Data supplied:
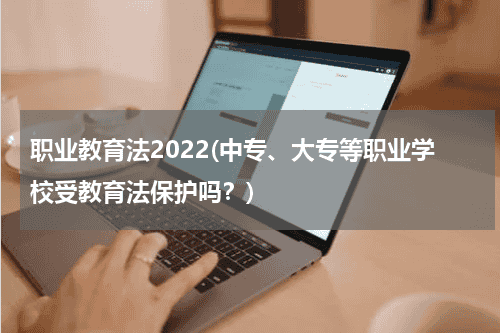 职业教育法2022(中专、大专等职业学校受教育法保护吗？)教育资讯网-教育行业资讯百科大全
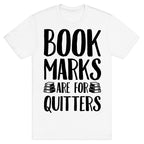 Bookmarks Are For Quitters T-Shirt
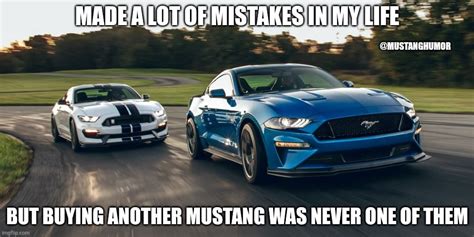 The Best Ford Mustang Memes 7th Gen 2024 S650 Mustang Forum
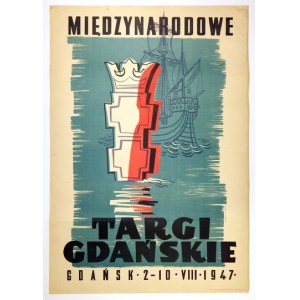 CZACZKO Zdzisław, ŚWIĘTY Antoni - Międzynarodowe Targi Gdańskie. Gdańsk, 2-10 VIII 1947....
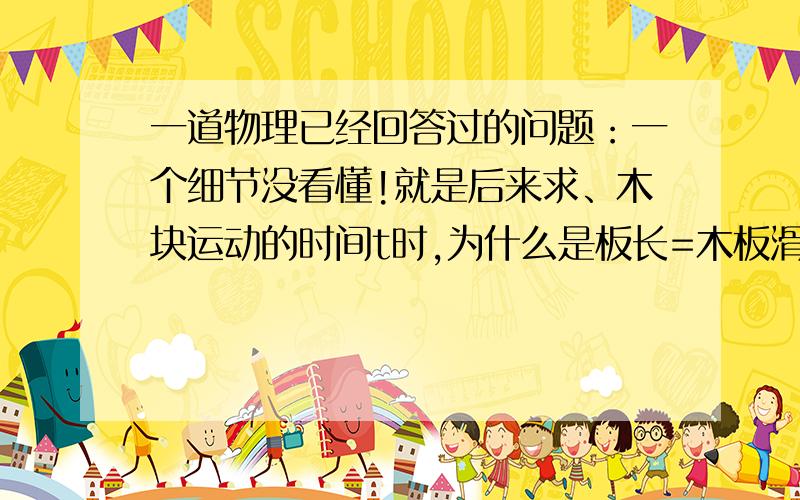 一道物理已经回答过的问题：一个细节没看懂!就是后来求、木块运动的时间t时,为什么是板长=木板滑动的距离-木块滑动的距离?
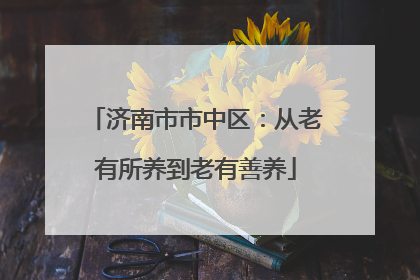 济南市市中区：从老有所养到老有善养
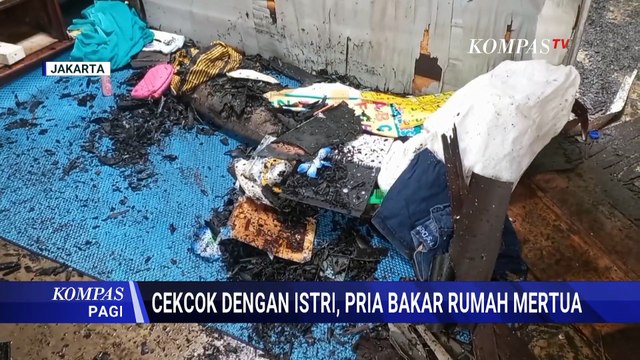 Pria Nekat Bakar Rumah Mertua, Istri Alami Luka Bakar Serius | KOMPAS PAGI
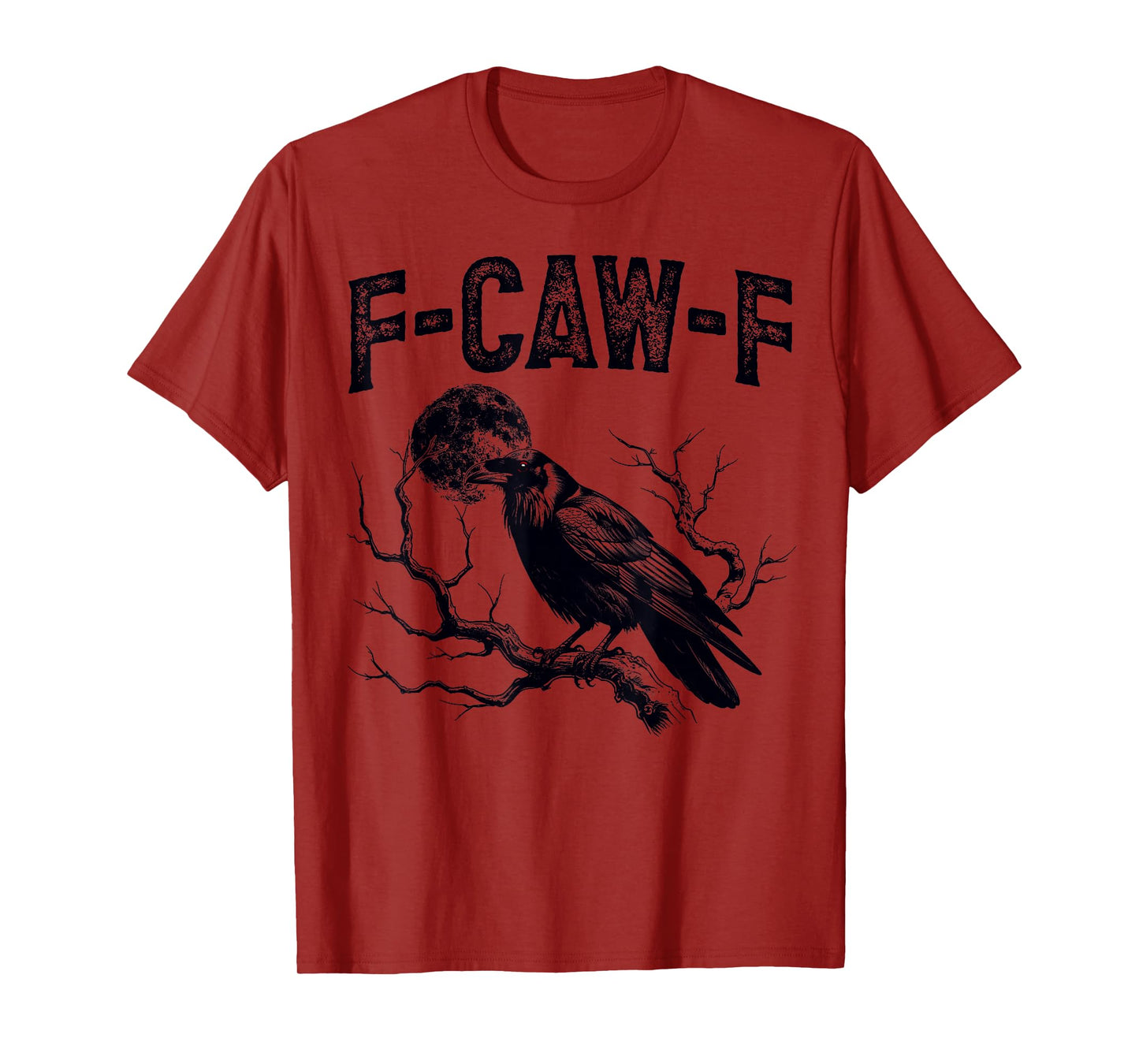 F-Caw-F Crow Meme Black Bird Funny Hilarious Humor Graphic T-Shirt
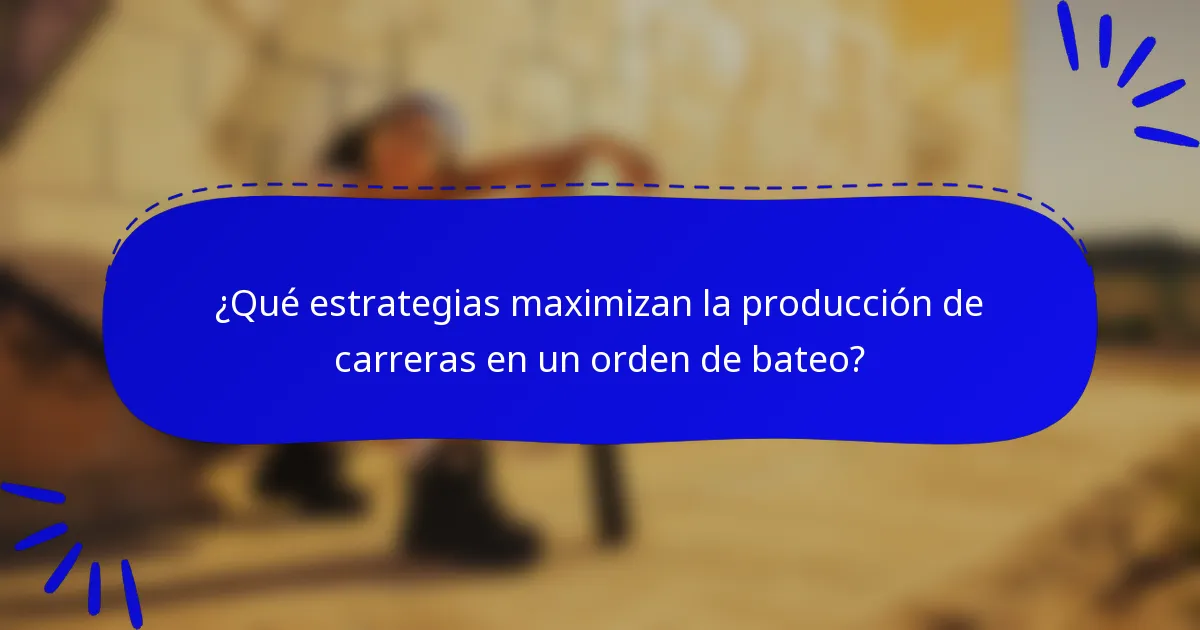 ¿Qué estrategias maximizan la producción de carreras en un orden de bateo?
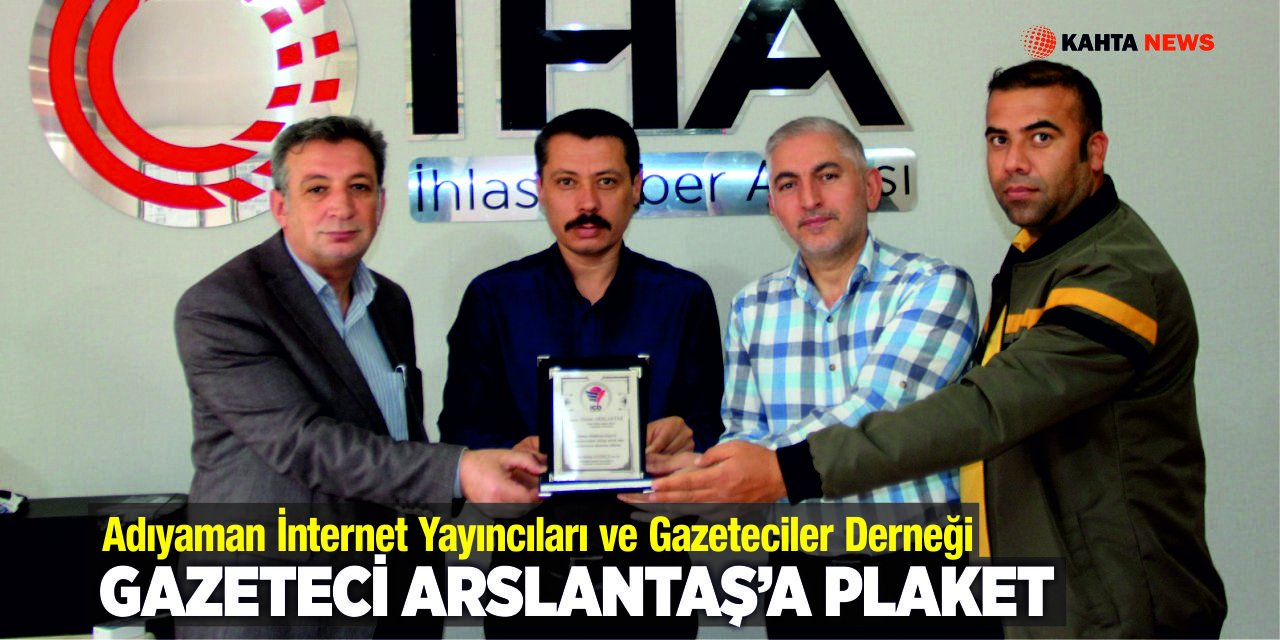 İGD’den Gazeteci Arslantaş’a Plaket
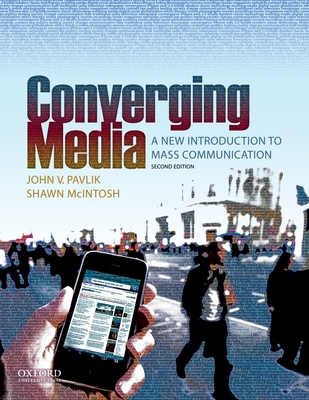 Converging Media: A New Introduction to Mass Communication - Pavlik, John V, Professor, and McIntosh, Shawn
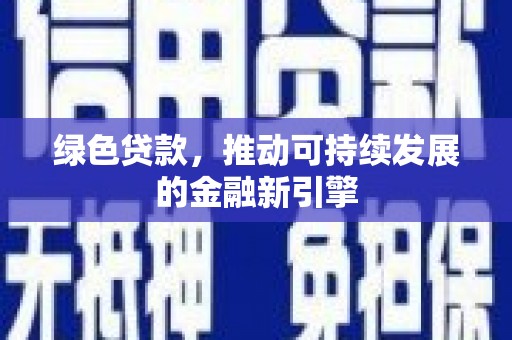 灌云绿色贷款，推动可持续发展的金融新引擎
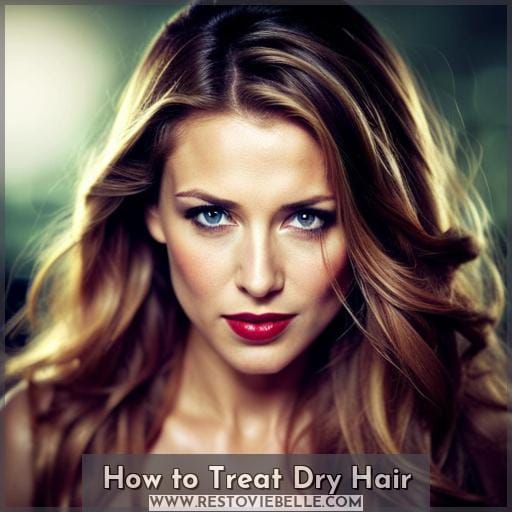 How to Treat Dry Hair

Your task:
All that is needed is an exact copy of the lines from the top of the entries through the line containing "济南市市中区：从老有所养到老有善养", pictures left out.

Answer area:
 职业教育法2022(中专、大专等职业学校受教育法保护吗？)教育资讯网-教育行业资讯百科大全
 Bookmarks Are For Quitters T-Shirt
 The Best Ford Mustang Memes 7th Gen 2024 S650 Mustang Forum
 CZACZKO Zdzisław, ŚWIĘTY Antoni - Międzynarodowe Targi Gdańskie. Gdańsk, 2-10 VIII 1947....
 一道物理已经回答过的问题：一个细节没看懂!就是后来求、木块运动的时间t时,为什么是板长=木板滑动的距离-木块滑动的距离?
 济南市市中区：从老有所养到老有善养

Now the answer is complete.